Wie Sie ein Ausfuhrkennzeichen beantragen

Beim Ausfuhrkennzeichen fällt zwar eine Steuer an, jedoch halten sich die Kosten in Grenzen. Erfahren Sie hier, was bei der Zulassung zu beachten ist.

Bei einem Autoverkauf kann es schon einmal vorkommen, dass ein Fahrzeug über die Landesgrenzen bzw. in das Ausland gebracht werden muss. Vor allem ältere Gebrauchtfahrzeuge werden im Ausland oftmals noch gerne genutzt. Der hierfür erforderliche Fahrzeugtransport kann auf unterschiedlichem Wege erfolgen. Eine der Möglichkeiten besteht darin, dass Fahrzeug direkt zu überführen bzw. es kurzerhand auf der Straße an sein Ziel zu fahren.

Sollte das Fahrzeug bereits abgemeldet sein, so muss erst einmal eine entsprechende Zulassung mitsamt Kennzeichen beschafft werden. Benötigt wird in solch einem Fall ein Ausfuhrkennzeichen, welches umgangssprachlich auch gerne als Exportkennzeichen oder Zollkennzeichen bezeichnet wird. Die Beschaffung gestaltet sich - sofern man gut vorbereitet ist - relativ einfach.

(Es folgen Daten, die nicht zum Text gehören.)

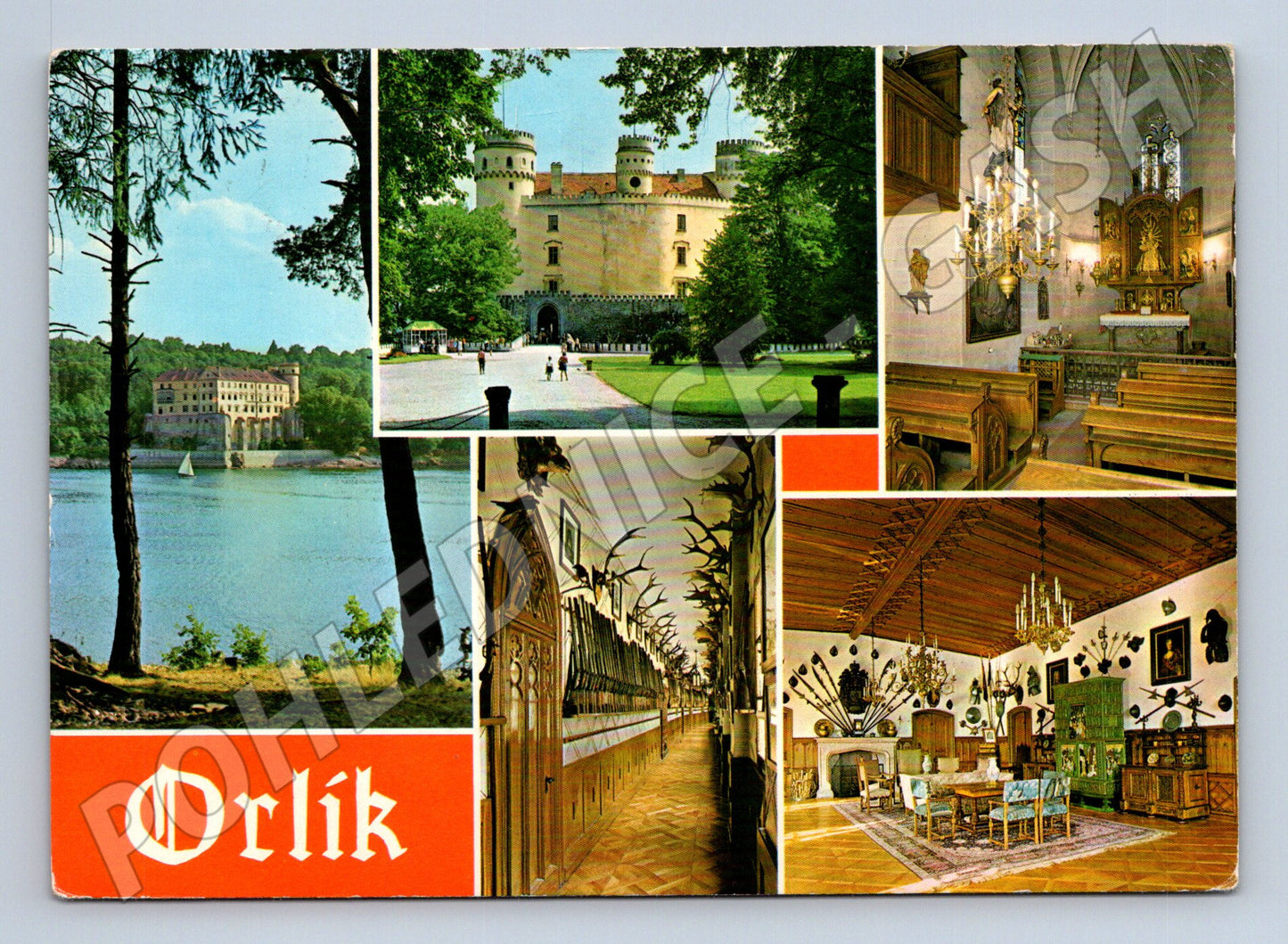 Pohlednice Orlík – zámek, kaple a interiéry (M15189)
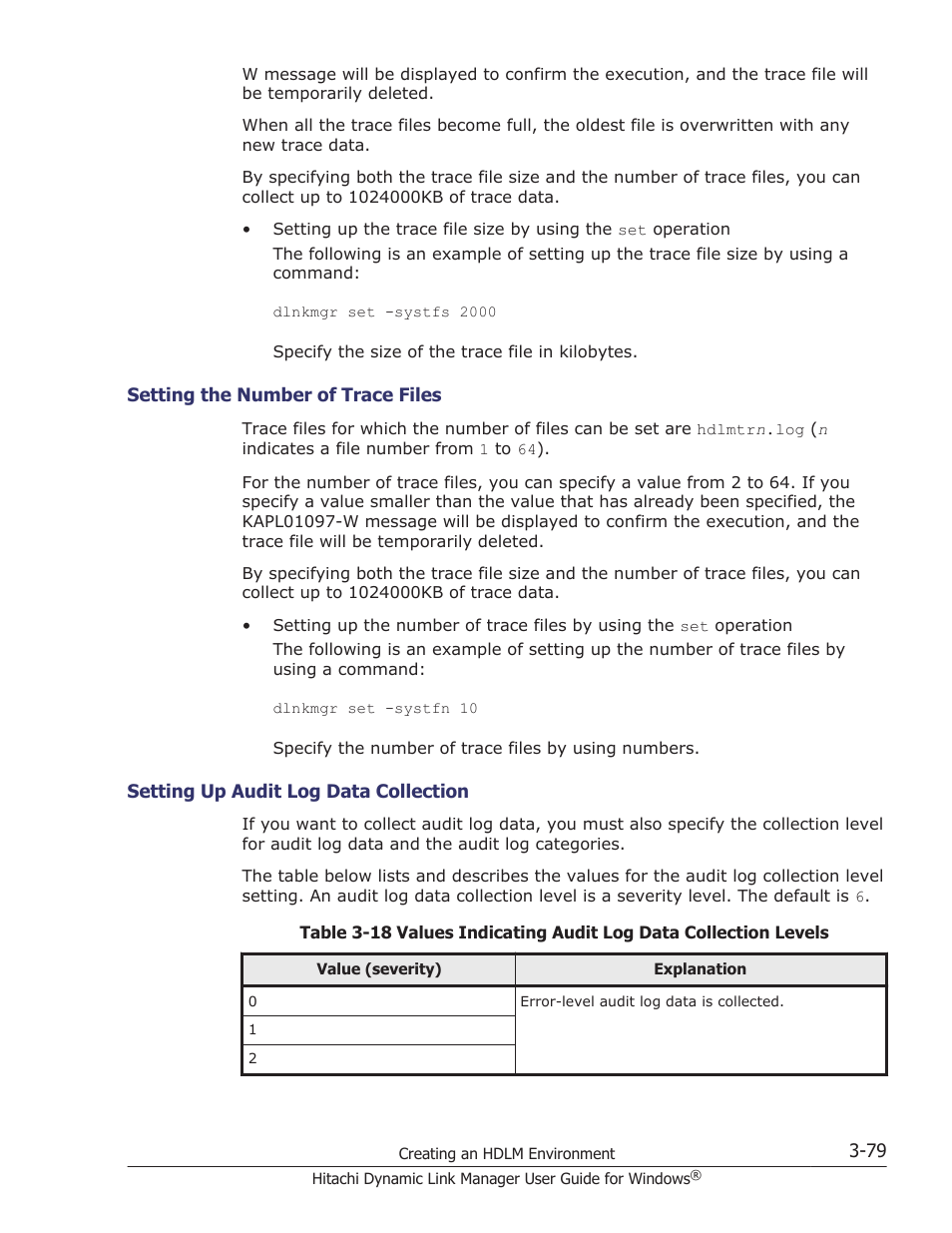 Setting the number of trace files -79, Setting up audit log data collection -79 | HP XP P9500 Storage User Manual | Page 147 / 440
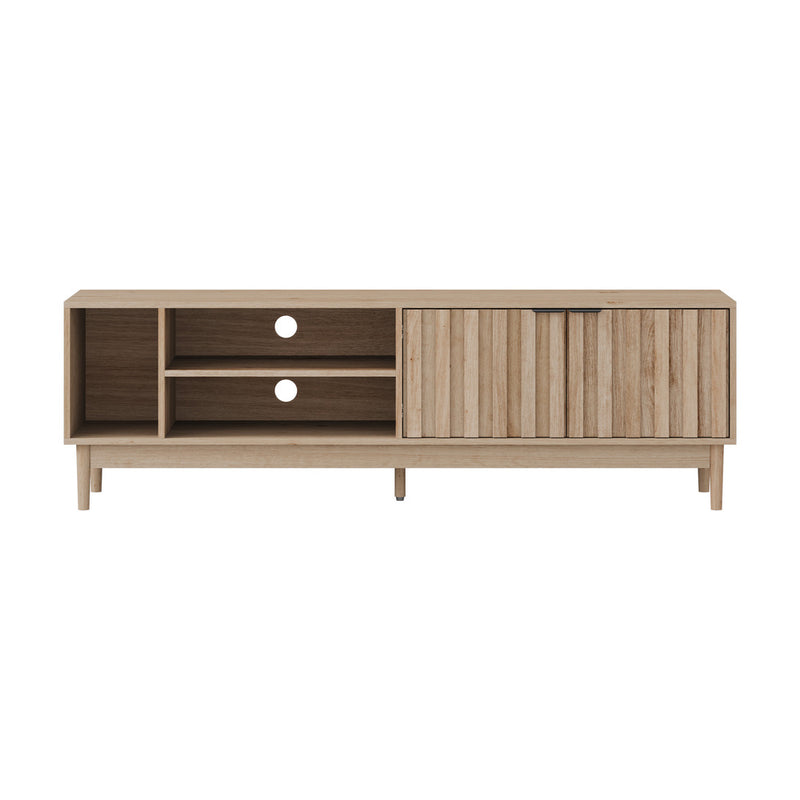 Oikiture TV Cabinet Entertainment Unit Stand 160cm Natural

Was beim Beantragen zu beachten ist

Wer ein Ausfuhrkennzeichen für ein Auto oder Motorrad beantragen möchte, muss über mehrere Dokumente verfügen. So muss sich der vorübergehende Fahrzeughalter ausweisen können. Ebenso ist es erforderlich, die Fahrzeugpapiere (Fahrzeugbrief, Fahrzeugschein oder die entsprechenden Zulassungsbescheinigungen) auf der Zulassungsstelle vorzulegen. Außerdem muss gewährleistet sein, dass ein Versicherungsschutz besteht. Außerdem muss sichergestellt sein, dass das Fahrzeug tauglich für den Einsatz im öffentlichen Straßenverkehr ist. Ein TÜV Bericht bzw. die Prüfbescheinigung der Hautuntersuchung (HU) muss vorliegen.

Was die Versicherung angeht, so existieren einige Besonderheiten. Immerhin geht es darum, dass das Fahrzeug nicht nur in Deutschland bzw. im Inland, sondern auch im Ausland bewegt werden soll. Daher wird ein erweiterter Schutz der Kfz-Versicherung benötigt. Folglich gilt es dem Versicherer (bei welchem man im Vorfeld eine Deckungskarte oder EVBN beantragt) unbedingt mitzuteilen, dass der Versicherungsschutz für eine Fahrzeugüberführung ins Ausland benötigt wird.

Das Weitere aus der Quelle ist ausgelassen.